An ensemble method that trains a meta-model on the outputs of multiple base models.
Stacking, short for stacked generalization, is an ensemble learning technique that combines the predictions of multiple base models by training a higher-level meta-model to synthesize their outputs into a final prediction. Rather than simply averaging or voting across models, stacking learns how to best weight and integrate each base model's contribution, allowing the meta-model to exploit complementary strengths across diverse learners. The base models can be any combination of algorithms — decision trees, support vector machines, neural networks, or others — making stacking highly flexible in practice.
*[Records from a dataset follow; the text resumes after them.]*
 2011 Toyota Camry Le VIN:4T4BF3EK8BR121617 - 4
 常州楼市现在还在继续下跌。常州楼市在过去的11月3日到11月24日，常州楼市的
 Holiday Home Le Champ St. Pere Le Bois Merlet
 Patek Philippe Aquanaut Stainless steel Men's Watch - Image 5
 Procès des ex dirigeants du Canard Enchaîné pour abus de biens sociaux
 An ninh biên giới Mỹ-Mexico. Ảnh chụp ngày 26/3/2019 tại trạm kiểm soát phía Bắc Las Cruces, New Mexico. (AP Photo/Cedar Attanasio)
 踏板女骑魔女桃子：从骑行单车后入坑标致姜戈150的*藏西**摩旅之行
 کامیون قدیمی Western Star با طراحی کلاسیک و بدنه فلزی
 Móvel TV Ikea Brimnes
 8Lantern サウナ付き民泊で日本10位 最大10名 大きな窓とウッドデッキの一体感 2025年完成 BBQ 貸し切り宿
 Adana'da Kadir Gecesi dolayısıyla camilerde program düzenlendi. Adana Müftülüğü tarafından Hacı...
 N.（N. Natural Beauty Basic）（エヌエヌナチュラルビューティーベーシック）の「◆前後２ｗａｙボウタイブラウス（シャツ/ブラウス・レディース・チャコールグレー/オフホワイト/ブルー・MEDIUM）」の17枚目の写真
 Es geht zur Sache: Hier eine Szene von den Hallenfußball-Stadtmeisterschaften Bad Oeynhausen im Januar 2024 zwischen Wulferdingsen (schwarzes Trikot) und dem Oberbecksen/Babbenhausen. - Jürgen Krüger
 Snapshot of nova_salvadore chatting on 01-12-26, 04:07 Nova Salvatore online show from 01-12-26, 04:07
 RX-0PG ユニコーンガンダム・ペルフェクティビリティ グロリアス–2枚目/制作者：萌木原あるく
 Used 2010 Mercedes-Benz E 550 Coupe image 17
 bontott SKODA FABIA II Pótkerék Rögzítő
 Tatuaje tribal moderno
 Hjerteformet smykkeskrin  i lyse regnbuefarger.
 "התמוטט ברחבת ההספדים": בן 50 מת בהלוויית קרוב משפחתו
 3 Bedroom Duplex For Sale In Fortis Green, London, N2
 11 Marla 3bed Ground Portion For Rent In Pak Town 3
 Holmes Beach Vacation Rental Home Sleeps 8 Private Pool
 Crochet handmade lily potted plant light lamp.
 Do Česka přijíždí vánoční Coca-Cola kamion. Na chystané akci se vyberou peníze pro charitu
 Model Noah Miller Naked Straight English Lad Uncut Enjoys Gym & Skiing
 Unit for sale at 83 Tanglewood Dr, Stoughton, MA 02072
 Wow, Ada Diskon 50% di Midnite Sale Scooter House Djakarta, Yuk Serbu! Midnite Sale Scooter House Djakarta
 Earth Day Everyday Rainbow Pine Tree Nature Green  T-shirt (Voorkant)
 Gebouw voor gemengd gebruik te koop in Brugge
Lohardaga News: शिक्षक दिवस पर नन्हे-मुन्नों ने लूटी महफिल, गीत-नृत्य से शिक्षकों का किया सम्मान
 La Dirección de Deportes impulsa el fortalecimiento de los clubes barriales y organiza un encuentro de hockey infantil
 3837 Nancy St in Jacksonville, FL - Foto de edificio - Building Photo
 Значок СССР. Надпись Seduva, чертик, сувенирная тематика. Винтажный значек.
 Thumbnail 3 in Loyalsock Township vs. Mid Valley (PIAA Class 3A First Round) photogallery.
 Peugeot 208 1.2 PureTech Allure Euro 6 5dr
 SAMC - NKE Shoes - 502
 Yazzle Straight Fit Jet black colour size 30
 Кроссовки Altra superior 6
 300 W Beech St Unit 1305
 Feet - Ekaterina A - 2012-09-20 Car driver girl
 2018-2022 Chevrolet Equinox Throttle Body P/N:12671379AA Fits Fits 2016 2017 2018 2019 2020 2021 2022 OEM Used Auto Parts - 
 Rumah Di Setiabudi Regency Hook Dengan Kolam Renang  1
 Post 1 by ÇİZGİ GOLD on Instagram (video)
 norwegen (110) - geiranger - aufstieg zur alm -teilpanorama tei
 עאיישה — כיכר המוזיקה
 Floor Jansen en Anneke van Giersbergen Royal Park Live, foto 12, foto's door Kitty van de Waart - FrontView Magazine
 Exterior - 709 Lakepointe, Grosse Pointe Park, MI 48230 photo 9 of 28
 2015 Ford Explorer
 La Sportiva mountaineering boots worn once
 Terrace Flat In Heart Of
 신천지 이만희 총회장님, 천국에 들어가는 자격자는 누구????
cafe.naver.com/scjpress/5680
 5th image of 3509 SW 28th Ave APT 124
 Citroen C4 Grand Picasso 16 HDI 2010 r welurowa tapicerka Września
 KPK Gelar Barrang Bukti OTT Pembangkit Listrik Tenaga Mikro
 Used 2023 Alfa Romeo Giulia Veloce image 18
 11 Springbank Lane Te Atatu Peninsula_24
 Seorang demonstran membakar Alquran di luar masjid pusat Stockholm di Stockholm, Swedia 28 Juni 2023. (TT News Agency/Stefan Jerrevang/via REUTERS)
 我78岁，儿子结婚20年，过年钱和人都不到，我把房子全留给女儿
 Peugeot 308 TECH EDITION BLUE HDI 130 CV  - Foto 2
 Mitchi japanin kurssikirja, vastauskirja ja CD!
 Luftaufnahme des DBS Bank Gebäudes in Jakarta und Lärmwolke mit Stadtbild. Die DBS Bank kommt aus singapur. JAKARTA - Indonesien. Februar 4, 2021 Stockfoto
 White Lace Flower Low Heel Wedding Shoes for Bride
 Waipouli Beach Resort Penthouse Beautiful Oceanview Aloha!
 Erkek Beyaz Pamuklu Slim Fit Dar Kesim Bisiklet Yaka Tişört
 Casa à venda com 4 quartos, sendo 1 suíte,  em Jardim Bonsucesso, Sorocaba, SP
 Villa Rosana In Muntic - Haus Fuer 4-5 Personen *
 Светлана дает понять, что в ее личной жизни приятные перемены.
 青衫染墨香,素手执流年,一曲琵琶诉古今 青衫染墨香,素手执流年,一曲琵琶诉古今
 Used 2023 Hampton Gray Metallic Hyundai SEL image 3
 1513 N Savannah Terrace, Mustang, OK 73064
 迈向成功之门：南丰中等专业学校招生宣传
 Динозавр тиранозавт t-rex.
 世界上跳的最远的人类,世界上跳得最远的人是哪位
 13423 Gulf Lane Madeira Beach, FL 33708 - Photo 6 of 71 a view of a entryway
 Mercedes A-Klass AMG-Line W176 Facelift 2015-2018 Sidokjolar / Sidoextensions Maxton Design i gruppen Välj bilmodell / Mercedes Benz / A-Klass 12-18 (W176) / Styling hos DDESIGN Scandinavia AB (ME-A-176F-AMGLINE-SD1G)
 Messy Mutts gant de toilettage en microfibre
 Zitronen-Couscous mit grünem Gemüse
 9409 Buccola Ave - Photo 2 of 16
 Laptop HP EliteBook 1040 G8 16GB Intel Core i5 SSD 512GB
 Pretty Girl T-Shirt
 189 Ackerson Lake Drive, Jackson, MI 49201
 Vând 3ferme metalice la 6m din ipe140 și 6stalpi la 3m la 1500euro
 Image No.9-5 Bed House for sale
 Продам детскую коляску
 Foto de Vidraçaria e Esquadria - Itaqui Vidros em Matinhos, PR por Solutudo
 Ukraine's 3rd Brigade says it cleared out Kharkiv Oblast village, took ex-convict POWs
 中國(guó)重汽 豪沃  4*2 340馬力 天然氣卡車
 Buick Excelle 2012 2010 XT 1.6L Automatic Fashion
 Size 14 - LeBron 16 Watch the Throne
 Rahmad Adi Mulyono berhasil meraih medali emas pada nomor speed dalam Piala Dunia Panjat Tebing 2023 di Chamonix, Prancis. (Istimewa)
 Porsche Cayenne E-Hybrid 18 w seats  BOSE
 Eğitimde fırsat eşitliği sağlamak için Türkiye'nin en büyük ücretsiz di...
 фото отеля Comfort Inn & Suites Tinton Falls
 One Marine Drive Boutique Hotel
The training process typically uses a cross-validation scheme to prevent data leakage. Each base model is trained on a subset of the training data and generates out-of-fold predictions on the held-out portion. These out-of-fold predictions are then assembled into a new feature matrix, which becomes the training data for the meta-model. At inference time, all base models generate predictions on the test set, and those predictions are passed to the meta-model to produce the final output. This careful construction ensures the meta-model is trained on predictions that reflect how the base models generalize, not just how they memorize.
Stacking matters because it consistently outperforms individual models and simpler ensemble methods like bagging or boosting in many settings, particularly when the base models are diverse and make different types of errors. It became a staple technique in machine learning competitions, where stacked ensembles frequently topped leaderboards on platforms like Kaggle. The method is especially powerful when combining models that capture different aspects of the data — for example, pairing a gradient boosting model strong on tabular structure with a neural network that captures nonlinear interactions.
The primary trade-offs are increased computational cost and complexity. Training and maintaining multiple models, along with a meta-model, requires more resources and careful engineering. Interpretability also suffers, as the final predictions emerge from a layered system of models rather than a single transparent function. Despite these challenges, stacking remains one of the most reliable tools for squeezing out predictive performance in high-stakes modeling tasks.